▸ WHAT YOU SHOULD DO
Below are the records; they must be reproduced verbatim.

▸ DATA EXTRACT
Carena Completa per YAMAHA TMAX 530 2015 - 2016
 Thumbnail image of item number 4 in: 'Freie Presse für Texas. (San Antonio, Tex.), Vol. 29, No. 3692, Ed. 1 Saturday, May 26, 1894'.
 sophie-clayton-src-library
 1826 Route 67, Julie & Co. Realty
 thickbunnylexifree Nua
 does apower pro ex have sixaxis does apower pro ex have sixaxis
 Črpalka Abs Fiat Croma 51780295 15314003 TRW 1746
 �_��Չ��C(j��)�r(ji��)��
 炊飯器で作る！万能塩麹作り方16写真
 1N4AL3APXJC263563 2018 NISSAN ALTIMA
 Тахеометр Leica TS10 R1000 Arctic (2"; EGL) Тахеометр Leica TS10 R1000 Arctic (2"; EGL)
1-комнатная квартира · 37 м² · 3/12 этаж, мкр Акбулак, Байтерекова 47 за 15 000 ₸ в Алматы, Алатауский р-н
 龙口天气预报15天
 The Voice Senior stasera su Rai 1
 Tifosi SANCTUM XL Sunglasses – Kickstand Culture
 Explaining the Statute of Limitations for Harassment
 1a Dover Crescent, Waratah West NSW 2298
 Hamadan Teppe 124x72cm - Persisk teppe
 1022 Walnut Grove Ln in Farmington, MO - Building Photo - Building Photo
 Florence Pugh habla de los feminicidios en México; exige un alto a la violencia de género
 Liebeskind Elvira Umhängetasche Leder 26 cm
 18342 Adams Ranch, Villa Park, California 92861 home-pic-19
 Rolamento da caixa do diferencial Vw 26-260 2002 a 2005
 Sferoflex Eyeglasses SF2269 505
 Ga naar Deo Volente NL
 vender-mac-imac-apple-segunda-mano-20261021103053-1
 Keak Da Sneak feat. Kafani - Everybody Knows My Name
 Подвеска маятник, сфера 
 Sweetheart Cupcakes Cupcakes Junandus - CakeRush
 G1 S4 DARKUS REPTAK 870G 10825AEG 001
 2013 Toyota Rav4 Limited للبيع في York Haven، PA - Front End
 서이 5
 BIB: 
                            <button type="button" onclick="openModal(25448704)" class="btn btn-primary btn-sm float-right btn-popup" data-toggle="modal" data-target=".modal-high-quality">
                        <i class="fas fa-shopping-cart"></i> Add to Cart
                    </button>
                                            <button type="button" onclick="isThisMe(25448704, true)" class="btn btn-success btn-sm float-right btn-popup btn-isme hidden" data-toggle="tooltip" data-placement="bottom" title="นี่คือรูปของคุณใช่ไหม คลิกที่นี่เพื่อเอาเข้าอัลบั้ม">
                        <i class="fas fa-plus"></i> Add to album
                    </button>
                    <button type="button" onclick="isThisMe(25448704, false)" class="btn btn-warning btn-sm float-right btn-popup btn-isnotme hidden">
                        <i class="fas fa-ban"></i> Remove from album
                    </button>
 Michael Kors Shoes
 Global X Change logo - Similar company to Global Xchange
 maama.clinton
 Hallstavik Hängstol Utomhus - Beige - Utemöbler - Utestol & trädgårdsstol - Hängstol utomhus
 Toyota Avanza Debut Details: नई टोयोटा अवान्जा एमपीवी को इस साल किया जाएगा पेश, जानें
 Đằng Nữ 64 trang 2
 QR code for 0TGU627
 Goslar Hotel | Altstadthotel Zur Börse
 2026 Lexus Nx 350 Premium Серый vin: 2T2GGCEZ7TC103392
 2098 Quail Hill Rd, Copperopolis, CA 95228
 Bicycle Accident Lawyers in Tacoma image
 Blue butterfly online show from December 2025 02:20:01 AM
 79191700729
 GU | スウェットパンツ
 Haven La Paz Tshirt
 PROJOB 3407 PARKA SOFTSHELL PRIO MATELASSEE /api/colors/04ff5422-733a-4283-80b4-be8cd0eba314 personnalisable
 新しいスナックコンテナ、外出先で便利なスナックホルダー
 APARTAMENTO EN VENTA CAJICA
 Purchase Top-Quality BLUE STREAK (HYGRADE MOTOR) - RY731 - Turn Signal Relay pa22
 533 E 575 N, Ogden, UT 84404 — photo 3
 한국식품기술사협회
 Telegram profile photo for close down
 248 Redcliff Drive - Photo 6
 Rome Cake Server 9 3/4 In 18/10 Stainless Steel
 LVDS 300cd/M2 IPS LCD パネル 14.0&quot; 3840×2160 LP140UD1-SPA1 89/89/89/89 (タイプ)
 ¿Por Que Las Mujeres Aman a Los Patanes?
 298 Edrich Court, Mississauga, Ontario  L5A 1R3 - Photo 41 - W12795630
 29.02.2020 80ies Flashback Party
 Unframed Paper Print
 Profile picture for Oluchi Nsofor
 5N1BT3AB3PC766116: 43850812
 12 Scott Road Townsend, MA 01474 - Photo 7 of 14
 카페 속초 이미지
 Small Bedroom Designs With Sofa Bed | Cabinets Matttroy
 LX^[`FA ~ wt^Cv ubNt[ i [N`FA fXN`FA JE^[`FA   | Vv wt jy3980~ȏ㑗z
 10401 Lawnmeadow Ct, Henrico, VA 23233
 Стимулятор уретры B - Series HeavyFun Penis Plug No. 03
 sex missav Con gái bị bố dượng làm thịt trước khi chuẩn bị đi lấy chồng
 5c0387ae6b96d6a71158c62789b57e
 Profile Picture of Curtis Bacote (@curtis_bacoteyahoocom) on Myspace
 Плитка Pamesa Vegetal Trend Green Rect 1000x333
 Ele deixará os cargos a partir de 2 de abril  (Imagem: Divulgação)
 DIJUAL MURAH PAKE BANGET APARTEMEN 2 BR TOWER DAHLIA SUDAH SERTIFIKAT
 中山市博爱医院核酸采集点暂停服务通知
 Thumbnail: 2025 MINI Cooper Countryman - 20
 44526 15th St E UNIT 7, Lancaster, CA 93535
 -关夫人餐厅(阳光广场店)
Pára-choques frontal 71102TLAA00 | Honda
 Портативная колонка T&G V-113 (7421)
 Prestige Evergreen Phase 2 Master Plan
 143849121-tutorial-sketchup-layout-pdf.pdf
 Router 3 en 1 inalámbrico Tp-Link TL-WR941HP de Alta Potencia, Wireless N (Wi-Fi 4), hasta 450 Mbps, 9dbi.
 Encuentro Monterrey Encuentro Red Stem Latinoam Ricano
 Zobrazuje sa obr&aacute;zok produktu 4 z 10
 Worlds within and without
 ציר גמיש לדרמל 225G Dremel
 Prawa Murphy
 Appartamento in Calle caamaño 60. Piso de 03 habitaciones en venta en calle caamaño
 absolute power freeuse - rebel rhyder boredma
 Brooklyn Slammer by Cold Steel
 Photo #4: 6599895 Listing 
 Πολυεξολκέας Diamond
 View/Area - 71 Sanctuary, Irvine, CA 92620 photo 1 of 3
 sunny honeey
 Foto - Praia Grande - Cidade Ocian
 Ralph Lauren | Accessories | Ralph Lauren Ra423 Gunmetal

▸ RESULT OF THIS TASK
Carena Completa per YAMAHA TMAX 530 2015 - 2016
 Thumbnail image of item number 4 in: 'Freie Presse für Texas. (San Antonio, Tex.), Vol. 29, No. 3692, Ed. 1 Saturday, May 26, 1894'.
 sophie-clayton-src-library
 1826 Route 67, Julie & Co. Realty
 thickbunnylexifree Nua
 does apower pro ex have sixaxis does apower pro ex have sixaxis
 Črpalka Abs Fiat Croma 51780295 15314003 TRW 1746
 �_��Չ��C(j��)�r(ji��)��
 炊飯器で作る！万能塩麹作り方16写真
 1N4AL3APXJC263563 2018 NISSAN ALTIMA
 Тахеометр Leica TS10 R1000 Arctic (2"; EGL) Тахеометр Leica TS10 R1000 Arctic (2"; EGL)
1-комнатная квартира · 37 м² · 3/12 этаж, мкр Акбулак, Байтерекова 47 за 15 000 ₸ в Алматы, Алатауский р-н
 龙口天气预报15天
 The Voice Senior stasera su Rai 1
 Tifosi SANCTUM XL Sunglasses – Kickstand Culture
 Explaining the Statute of Limitations for Harassment
 1a Dover Crescent, Waratah West NSW 2298
 Hamadan Teppe 124x72cm - Persisk teppe
 1022 Walnut Grove Ln in Farmington, MO - Building Photo - Building Photo
 Florence Pugh habla de los feminicidios en México; exige un alto a la violencia de género
 Liebeskind Elvira Umhängetasche Leder 26 cm
 18342 Adams Ranch, Villa Park, California 92861 home-pic-19
 Rolamento da caixa do diferencial Vw 26-260 2002 a 2005
 Sferoflex Eyeglasses SF2269 505
 Ga naar Deo Volente NL
 vender-mac-imac-apple-segunda-mano-20261021103053-1
 Keak Da Sneak feat. Kafani - Everybody Knows My Name
 Подвеска маятник, сфера 
 Sweetheart Cupcakes Cupcakes Junandus - CakeRush
 G1 S4 DARKUS REPTAK 870G 10825AEG 001
 2013 Toyota Rav4 Limited للبيع في York Haven، PA - Front End
 서이 5
 BIB: 
                            <button type="button" onclick="openModal(25448704)" class="btn btn-primary btn-sm float-right btn-popup" data-toggle="modal" data-target=".modal-high-quality">
                        <i class="fas fa-shopping-cart"></i> Add to Cart
                    </button>
                                            <button type="button" onclick="isThisMe(25448704, true)" class="btn btn-success btn-sm float-right btn-popup btn-isme hidden" data-toggle="tooltip" data-placement="bottom" title="นี่คือรูปของคุณใช่ไหม คลิกที่นี่เพื่อเอาเข้าอัลบั้ม">
                        <i class="fas fa-plus"></i> Add to album
                    </button>
                    <button type="button" onclick="isThisMe(25448704, false)" class="btn btn-warning btn-sm float-right btn-popup btn-isnotme hidden">
                        <i class="fas fa-ban"></i> Remove from album
                    </button>
 Michael Kors Shoes
 Global X Change logo - Similar company to Global Xchange
 maama.clinton
 Hallstavik Hängstol Utomhus - Beige - Utemöbler - Utestol & trädgårdsstol - Hängstol utomhus
 Toyota Avanza Debut Details: नई टोयोटा अवान्जा एमपीवी को इस साल किया जाएगा पेश, जानें
 Đằng Nữ 64 trang 2
 QR code for 0TGU627
 Goslar Hotel | Altstadthotel Zur Börse
 2026 Lexus Nx 350 Premium Серый vin: 2T2GGCEZ7TC103392
 2098 Quail Hill Rd, Copperopolis, CA 95228
 Bicycle Accident Lawyers in Tacoma image
 Blue butterfly online show from December 2025 02:20:01 AM
 79191700729
 GU | スウェットパンツ
 Haven La Paz Tshirt
 PROJOB 3407 PARKA SOFTSHELL PRIO MATELASSEE /api/colors/04ff5422-733a-4283-80b4-be8cd0eba314 personnalisable
 新しいスナックコンテナ、外出先で便利なスナックホルダー
 APARTAMENTO EN VENTA CAJICA
 Purchase Top-Quality BLUE STREAK (HYGRADE MOTOR) - RY731 - Turn Signal Relay pa22
 533 E 575 N, Ogden, UT 84404 — photo 3
 한국식품기술사협회
 Telegram profile photo for close down
 248 Redcliff Drive - Photo 6
 Rome Cake Server 9 3/4 In 18/10 Stainless Steel
 LVDS 300cd/M2 IPS LCD パネル 14.0&quot; 3840×2160 LP140UD1-SPA1 89/89/89/89 (タイプ)
 ¿Por Que Las Mujeres Aman a Los Patanes?
 298 Edrich Court, Mississauga, Ontario  L5A 1R3 - Photo 41 - W12795630
 29.02.2020 80ies Flashback Party
 Unframed Paper Print
 Profile picture for Oluchi Nsofor
 5N1BT3AB3PC766116: 43850812
 12 Scott Road Townsend, MA 01474 - Photo 7 of 14
 카페 속초 이미지
 Small Bedroom Designs With Sofa Bed | Cabinets Matttroy
 LX^[`FA ~ wt^Cv ubNt[ i [N`FA fXN`FA JE^[`FA   | Vv wt jy3980~ȏ㑗z
 10401 Lawnmeadow Ct, Henrico, VA 23233
 Стимулятор уретры B - Series HeavyFun Penis Plug No. 03
 sex missav Con gái bị bố dượng làm thịt trước khi chuẩn bị đi lấy chồng
 5c0387ae6b96d6a71158c62789b57e
 Profile Picture of Curtis Bacote (@curtis_bacoteyahoocom) on Myspace
 Плитка Pamesa Vegetal Trend Green Rect 1000x333
 Ele deixará os cargos a partir de 2 de abril  (Imagem: Divulgação)
 DIJUAL MURAH PAKE BANGET APARTEMEN 2 BR TOWER DAHLIA SUDAH SERTIFIKAT
 中山市博爱医院核酸采集点暂停服务通知
 Thumbnail: 2025 MINI Cooper Countryman - 20
 44526 15th St E UNIT 7, Lancaster, CA 93535
 -关夫人餐厅(阳光广场店)
Pára-choques frontal 71102TLAA00 | Honda
 Портативная колонка T&G V-113 (7421)
 Prestige Evergreen Phase 2 Master Plan
 143849121-tutorial-sketchup-layout-pdf.pdf
 Router 3 en 1 inalámbrico Tp-Link TL-WR941HP de Alta Potencia, Wireless N (Wi-Fi 4), hasta 450 Mbps, 9dbi.
 Encuentro Monterrey Encuentro Red Stem Latinoam Ricano
 Zobrazuje sa obr&aacute;zok produktu 4 z 10
 Worlds within and without
 ציר גמיש לדרמל 225G Dremel
 Prawa Murphy
 Appartamento in Calle caamaño 60. Piso de 03 habitaciones en venta en calle caamaño
 absolute power freeuse - rebel rhyder boredma
 Brooklyn Slammer by Cold Steel
 Photo #4: 6599895 Listing 
 Πολυεξολκέας Diamond
 View/Area - 71 Sanctuary, Irvine, CA 92620 photo 1 of 3
 sunny honeey
 Foto - Praia Grande - Cidade Ocian
 Ralph Lauren | Accessories | Ralph Lauren Ra423 Gunmetal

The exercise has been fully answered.